Farley v. Blackwood, 56 Ill. App. 3d 1040 (1978)

Jan. 13, 1978 · Illinois Appellate Court · No. 77-62
56 Ill. App. 3d 1040

PHIL FARLEY, Plaintiff-Appellee, v. LARRY B. BLACKWOOD, Defendant-Appellant.

First District (5th Division)

No. 77-62

Opinion filed January 13, 1978.

*1042George William Wolff, of Bartlett, for appellant.

David I. Grand and Linda J. Kroning, both of Chicago, for appellee.

Mr. PRESIDING JUSTICE SULLIVAN

delivered the opinion of the court:

In this matter, defendant filed a notice of appeal from a default judgment entered in a forcible entry and detainer proceeding awarding possession to plaintiff and from orders denying a motion for a stay of execution and to vacate the default judgment.
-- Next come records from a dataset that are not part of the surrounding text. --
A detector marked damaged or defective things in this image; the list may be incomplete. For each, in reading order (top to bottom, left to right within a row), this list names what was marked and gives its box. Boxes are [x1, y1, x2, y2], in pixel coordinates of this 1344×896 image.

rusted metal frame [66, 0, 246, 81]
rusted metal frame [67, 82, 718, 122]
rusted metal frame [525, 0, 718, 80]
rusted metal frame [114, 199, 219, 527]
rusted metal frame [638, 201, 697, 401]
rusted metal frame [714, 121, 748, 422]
On appeal, the following issues are presented: (1) whether the default judgment is void for want of in personam jurisdiction; (2) whether it was error to have denied defendant’s motion for a stay of execution; and (3) whether defendant’s motion to vacate the default judgment was improperly denied.
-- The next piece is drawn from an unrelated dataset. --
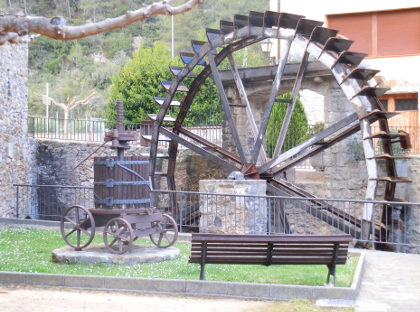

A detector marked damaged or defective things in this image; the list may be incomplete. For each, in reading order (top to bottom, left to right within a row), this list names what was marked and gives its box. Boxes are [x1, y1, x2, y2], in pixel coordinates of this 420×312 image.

large rusty waterwheel [145, 11, 410, 245]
Defendant leased an apartment from plaintiff for a one year term beginning June 1, 1975. Before its termination on May 31, 1976, plaintiff sent defendant a new one-year lease at an increased rental of *20 per *1043month. The letter enclosing the new lease stated that if it was not acceptable, the existing lease would be extended for one month. When defendant refused to execute the new lease or to pay the June rent, plaintiff filed a forcible entry and detainer action for nonpayment of rent. Defendant then filed an action seeking declaratory judgment and damages for alleged nonrepairs of the apartment and for building code violations. An agreement was then entered into by the parties under which plaintiff was to make certain repairs, defendant was to tender rent for June and July at the previous rate, and both actions were to be dismissed. Plaintiff dismissed his action, but defendant’s suit remains pending, as he continued to dispute the rent increase on the basis that the terms of a “regulatory agreement” with the United States Department of Housing and Urban Development (HUD) prohibited plaintiff from increasing without HUD approval.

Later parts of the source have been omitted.